Kim Da-Young, Lym Hyo Jeong, Lee Hanna, Lee Ye Jun, Kim Juhyun, Kim Min-Gyu, Baek Yunju
Human-Robot Interaction Center, Korea Institute of Robotics & Technology Convergence (KIRO), Pohang 37553, Republic of Korea.
Department of Information Convergence Engineering, Pusan National University, Busan 46241, Republic of Korea.
Sensors (Basel). 2024 Dec 12;24(24):7939. doi: 10.3390/s24247939.
Dialogue systems must understand children's utterance intentions by considering their unique linguistic characteristics, such as syntactic incompleteness, pronunciation inaccuracies, and creative expressions, to enable natural conversational engagement in child-robot interactions. Even state-of-the-art large language models (LLMs) for language understanding and contextual awareness cannot comprehend children's intent as accurately as humans because of their distinctive features. An LLM-based dialogue system should acquire the manner by which humans understand children's speech to enhance its intention reasoning performance in verbal interactions with children. To this end, we propose a fine-tuning methodology that utilizes the LLM-human judgment discrepancy and interactive response data. The former data represent cases in which the LLM and human judgments of the contextual appropriateness of a child's answer to a robot's question diverge. The latter data involve robot responses suitable for children's utterance intentions, generated by the LLM. We developed a fine-tuned dialogue system using these datasets to achieve human-like interpretations of children's utterances and to respond adaptively. Our system was evaluated through human assessment using the Robotic Social Attributes Scale (RoSAS) and Sensibleness and Specificity Average (SSA) metrics. Consequently, it supports the effective interpretation of children's utterance intentions and enables natural verbal interactions, even in cases with syntactic incompleteness and mispronunciations.

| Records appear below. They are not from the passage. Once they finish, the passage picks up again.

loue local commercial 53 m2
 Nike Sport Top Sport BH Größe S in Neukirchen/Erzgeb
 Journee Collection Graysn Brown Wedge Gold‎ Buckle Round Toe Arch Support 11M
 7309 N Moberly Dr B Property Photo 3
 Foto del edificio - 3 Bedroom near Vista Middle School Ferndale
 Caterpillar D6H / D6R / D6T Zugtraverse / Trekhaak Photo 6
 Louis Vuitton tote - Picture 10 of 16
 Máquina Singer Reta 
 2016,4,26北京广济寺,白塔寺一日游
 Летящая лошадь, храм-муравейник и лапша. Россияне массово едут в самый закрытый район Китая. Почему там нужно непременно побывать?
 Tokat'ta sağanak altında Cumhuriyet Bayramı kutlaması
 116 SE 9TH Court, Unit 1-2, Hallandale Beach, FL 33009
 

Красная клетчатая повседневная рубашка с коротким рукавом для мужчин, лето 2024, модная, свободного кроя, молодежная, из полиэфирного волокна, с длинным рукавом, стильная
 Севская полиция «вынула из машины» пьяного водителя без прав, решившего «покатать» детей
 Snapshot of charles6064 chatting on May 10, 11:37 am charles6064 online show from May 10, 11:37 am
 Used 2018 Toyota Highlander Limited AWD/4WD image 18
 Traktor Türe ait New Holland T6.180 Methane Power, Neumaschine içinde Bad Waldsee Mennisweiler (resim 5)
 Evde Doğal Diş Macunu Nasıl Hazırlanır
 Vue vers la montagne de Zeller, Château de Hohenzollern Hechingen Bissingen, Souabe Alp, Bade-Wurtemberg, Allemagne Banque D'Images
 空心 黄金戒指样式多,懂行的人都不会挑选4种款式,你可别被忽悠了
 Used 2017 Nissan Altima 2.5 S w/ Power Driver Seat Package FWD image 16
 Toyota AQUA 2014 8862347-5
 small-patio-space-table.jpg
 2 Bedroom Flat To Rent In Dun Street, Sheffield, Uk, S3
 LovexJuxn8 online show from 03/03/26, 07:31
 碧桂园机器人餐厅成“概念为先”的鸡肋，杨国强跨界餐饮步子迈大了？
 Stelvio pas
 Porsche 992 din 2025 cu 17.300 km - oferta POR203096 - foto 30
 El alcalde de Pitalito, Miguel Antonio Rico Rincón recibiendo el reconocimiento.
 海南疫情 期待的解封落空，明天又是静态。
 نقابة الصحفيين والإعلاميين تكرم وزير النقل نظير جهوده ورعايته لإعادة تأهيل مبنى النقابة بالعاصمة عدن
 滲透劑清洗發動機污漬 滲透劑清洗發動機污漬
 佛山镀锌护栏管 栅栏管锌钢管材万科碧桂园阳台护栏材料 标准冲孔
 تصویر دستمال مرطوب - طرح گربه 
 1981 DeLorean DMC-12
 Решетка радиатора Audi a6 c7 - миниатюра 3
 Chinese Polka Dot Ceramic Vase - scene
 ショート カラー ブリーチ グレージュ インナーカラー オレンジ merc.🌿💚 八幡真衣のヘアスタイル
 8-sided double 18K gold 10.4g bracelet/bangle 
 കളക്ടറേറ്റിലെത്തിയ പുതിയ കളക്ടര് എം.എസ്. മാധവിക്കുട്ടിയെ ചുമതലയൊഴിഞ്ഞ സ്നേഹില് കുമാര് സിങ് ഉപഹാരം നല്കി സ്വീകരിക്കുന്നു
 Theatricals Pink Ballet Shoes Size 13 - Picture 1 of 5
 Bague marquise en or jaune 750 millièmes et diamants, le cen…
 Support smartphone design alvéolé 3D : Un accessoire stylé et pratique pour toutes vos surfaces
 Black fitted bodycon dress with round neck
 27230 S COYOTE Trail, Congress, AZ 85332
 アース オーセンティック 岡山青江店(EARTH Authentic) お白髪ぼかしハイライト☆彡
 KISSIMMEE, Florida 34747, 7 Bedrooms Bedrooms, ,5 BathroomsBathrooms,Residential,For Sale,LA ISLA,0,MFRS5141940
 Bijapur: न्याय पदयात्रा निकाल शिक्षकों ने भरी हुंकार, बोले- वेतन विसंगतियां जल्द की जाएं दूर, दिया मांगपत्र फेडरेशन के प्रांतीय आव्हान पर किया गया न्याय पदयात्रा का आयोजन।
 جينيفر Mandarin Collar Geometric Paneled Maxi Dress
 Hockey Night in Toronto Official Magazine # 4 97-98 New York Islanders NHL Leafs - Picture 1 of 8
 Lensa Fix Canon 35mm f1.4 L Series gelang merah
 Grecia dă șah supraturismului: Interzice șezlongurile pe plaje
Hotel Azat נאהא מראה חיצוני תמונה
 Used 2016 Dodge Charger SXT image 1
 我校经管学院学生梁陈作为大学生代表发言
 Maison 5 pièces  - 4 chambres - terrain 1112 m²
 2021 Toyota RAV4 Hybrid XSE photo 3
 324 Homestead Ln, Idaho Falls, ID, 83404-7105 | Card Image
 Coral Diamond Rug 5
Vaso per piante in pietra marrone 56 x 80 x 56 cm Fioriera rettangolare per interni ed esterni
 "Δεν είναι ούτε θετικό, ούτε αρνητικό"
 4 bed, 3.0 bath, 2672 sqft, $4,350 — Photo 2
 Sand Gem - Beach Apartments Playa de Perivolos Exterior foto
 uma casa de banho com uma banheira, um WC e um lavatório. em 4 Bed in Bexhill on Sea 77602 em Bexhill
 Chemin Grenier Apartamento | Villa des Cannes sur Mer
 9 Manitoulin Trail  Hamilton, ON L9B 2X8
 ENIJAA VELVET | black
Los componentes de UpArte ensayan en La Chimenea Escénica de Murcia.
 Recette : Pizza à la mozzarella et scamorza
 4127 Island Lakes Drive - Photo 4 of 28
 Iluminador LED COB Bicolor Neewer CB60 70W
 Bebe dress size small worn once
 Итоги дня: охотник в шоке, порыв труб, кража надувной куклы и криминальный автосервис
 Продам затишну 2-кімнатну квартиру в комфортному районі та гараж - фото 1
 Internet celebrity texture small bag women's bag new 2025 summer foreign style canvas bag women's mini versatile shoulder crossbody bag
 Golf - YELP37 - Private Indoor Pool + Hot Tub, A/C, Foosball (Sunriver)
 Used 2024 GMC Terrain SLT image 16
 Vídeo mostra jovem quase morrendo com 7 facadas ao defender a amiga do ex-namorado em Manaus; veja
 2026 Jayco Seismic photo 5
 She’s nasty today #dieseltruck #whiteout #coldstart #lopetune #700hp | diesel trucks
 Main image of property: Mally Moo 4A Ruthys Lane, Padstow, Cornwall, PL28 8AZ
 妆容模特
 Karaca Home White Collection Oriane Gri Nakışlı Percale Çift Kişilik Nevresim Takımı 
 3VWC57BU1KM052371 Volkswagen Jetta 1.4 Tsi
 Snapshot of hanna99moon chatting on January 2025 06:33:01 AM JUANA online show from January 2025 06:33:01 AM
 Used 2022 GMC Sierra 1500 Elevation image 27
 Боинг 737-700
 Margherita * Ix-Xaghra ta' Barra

对话系统必须通过考虑儿童独特的语言特征,如句法不完整、发音不准确和创造性表达,来理解他们的话语意图,以便在儿童与机器人的互动中实现自然的对话交流。即使是用于语言理解和语境感知的最先进的大语言模型(LLMs),由于儿童话语的独特特征,也无法像人类一样准确理解儿童的意图。基于大语言模型的对话系统应该学习人类理解儿童言语的方式,以提高其在与儿童的言语互动中的意图推理性能。为此,我们提出了一种微调方法,该方法利用大语言模型与人类判断的差异以及交互式响应数据。前者的数据表示大语言模型与人类对儿童对机器人问题的回答的语境适当性判断存在分歧的情况。后者的数据涉及由大语言模型生成的适合儿童话语意图的机器人响应。我们使用这些数据集开发了一个经过微调的对话系统,以实现对儿童话语的类人解释并进行自适应响应。我们的系统通过使用机器人社会属性量表(RoSAS)和合理性与特异性平均值(SSA)指标的人类评估进行了评估。因此,它支持对儿童话语意图的有效解释,即使在存在句法不完整和发音错误的情况下,也能实现自然的言语互动。